**PROBLEM**
In your copy, include every record exactly and no pictures.

**Records excerpted from a collection**
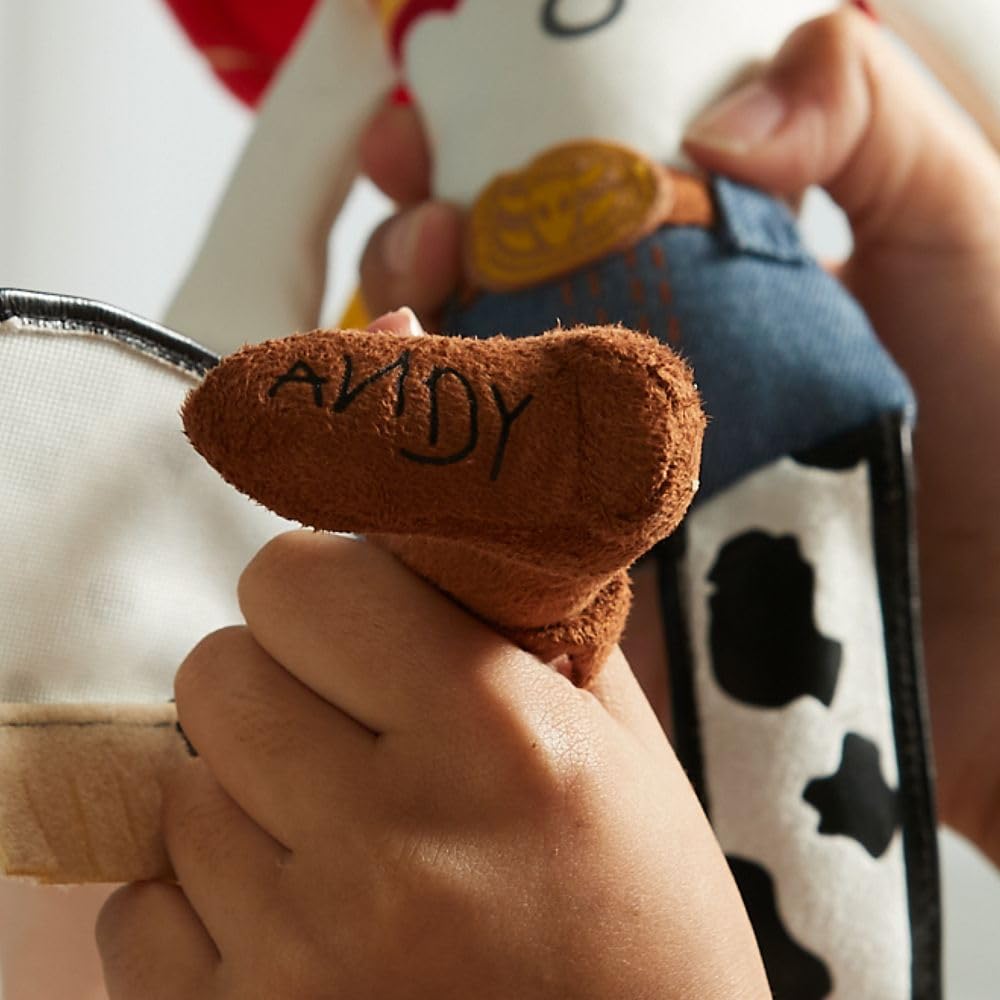 Disney Store Jessie plush full-body image showcases Toy Story inspiration in soft, huggable fabric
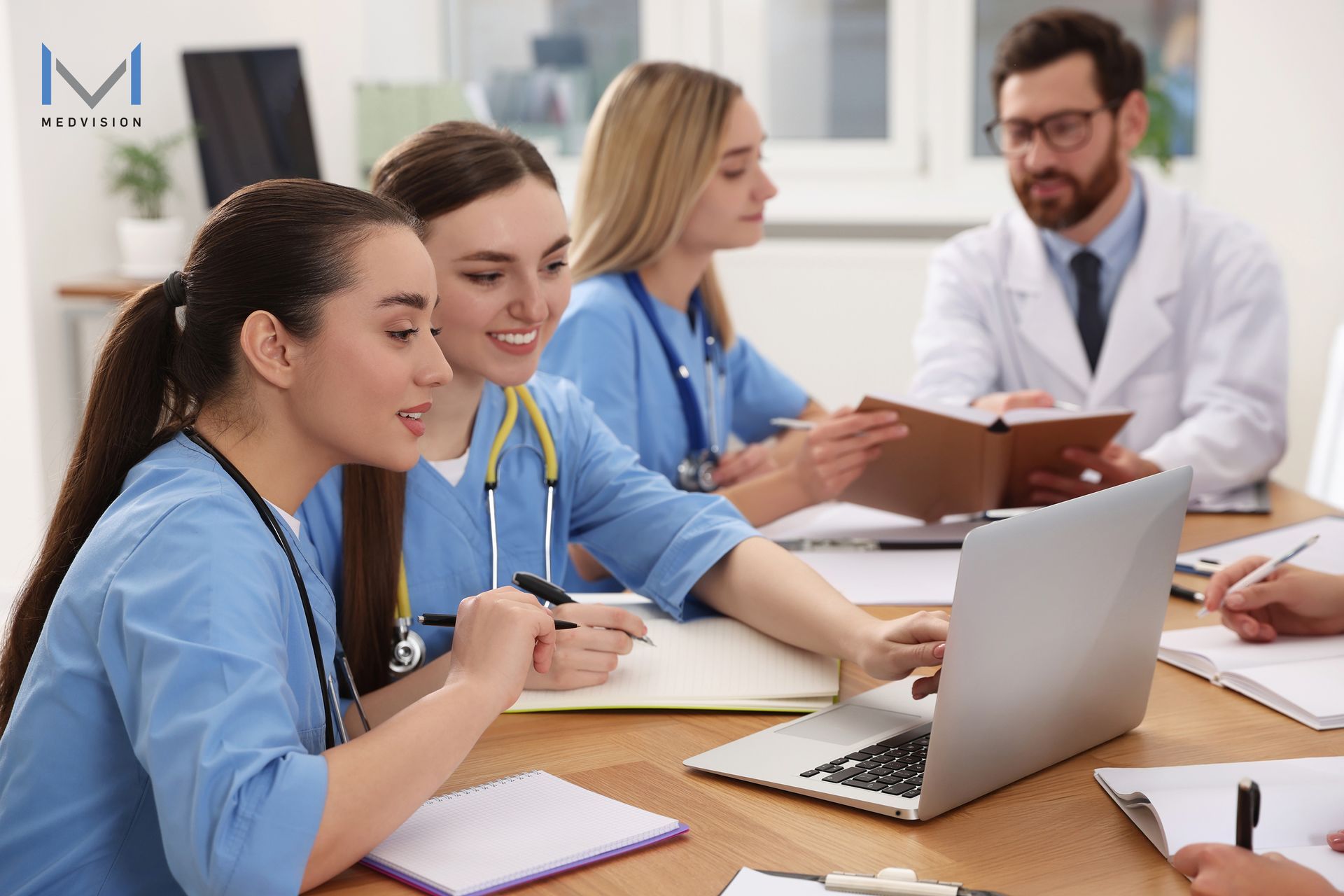 Healthcare providers sitting together, accessing QuickCap for ACO REACH success.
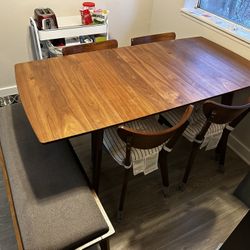 Dining Table With 4 Chars And A Bench. 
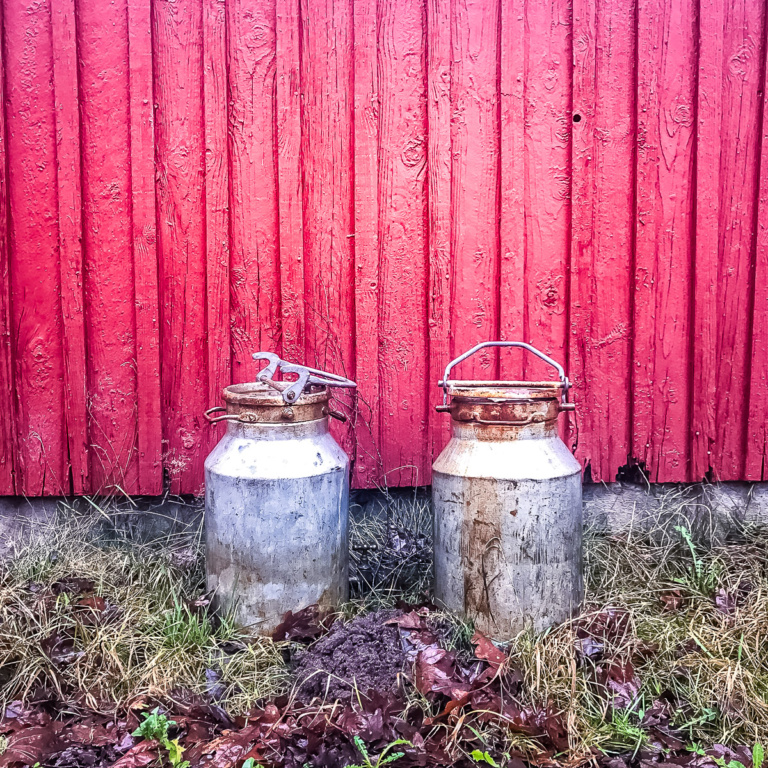 Milchkannen warten neben dem Haus
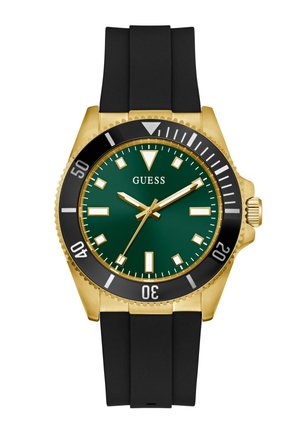 Montre Guess en or et noir avec cadran vert, lunette noire, index en or et bracelet en silicone noir, affichant 2:08:36.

**RESPONSE TO THE EXERCISE**
 Disney Store Jessie plush full-body image showcases Toy Story inspiration in soft, huggable fabric
 Healthcare providers sitting together, accessing QuickCap for ACO REACH success.
 Dining Table With 4 Chars And A Bench. 
 Milchkannen warten neben dem Haus
 Montre Guess en or et noir avec cadran vert, lunette noire, index en or et bracelet en silicone noir, affichant 2:08:36.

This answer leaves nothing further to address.